James A. Barrickman
James A. Barrickman
Rank: 2nd Lieutenant
Branch: Army Air Corps
UT Major/Affiliation: Liberal Arts, 1940-42
Second Lieutenant James Adolpheus Barrickman (Feb. 11, 1920 – Jan. 6, 1945) was the son of Raymond Adolpheus Barrickman and Viola Anna Bean Barrickman. He had one brother, Vernon Ray Barrickman. He enlisted in the Air Corps on January 25, 1942 in Montgomery, Alabama. He served in the 781st Tank Battalion. He was killed in action on Saturday, January 6, 1945. He is buried in the Lorraine American Cemetery in St. Avold (Moselle), France (Plot D, Row 37, Grave 29).

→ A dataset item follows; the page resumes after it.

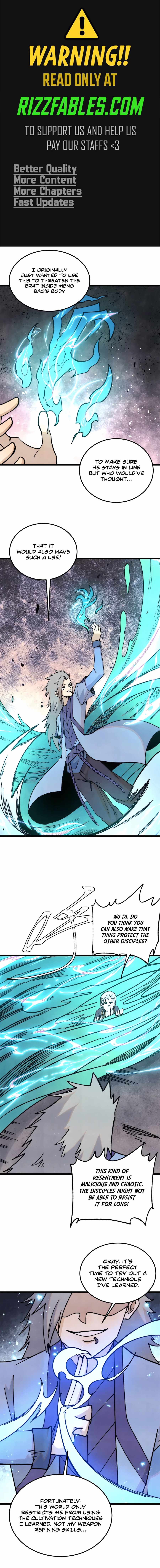 All Hail the Sect Leader Chapter 369 page 1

Second Lieutenant Barrickman may have been lost in the following fight (source: “781st Tank Battalion, Combat History,” at http://www.100thww2.org/support/781combat.html):
“Attached to the 276th Infantry Regiment of Task Force Herren (newly-arrived infantry echelons of the 70th Infantry Division, the rest of which was still stateside), Company B participated in the brutal combat around the village of Wingen-sur-Moder. In the wake of the destruction of VI Corps’ Task Force Hudelson, elements of two battalions of SS-Mountain Infantry Regiment 12, 6th SS-Mountain Division NORD successfully infiltrated through the hastily-constructed new defensive lines of both the 45th Infantry Division’s 179th Infantry and the 276th to seize Wingen and capture more than 250 members of the 179th. After three days of vicious combat, 4 – 6 January, the 276th (with 2d/274th Infantry and B/781st attached) managed to retake Wingen upon the withdrawal of the small remnant of Kampfgruppe Wingen to the north. Although no German armor was involved, Baker Company nevertheless lost two Shermans and four men killed to skillfully and courageously employed Panzerfaust teams; this was a very hard way to learn about the effectiveness of this weapon. As a result of these encounters, 781st crews began adding layers of sandbags to their tanks to neutralize the effects of the chemical energy warheads of the German antitank rockets.”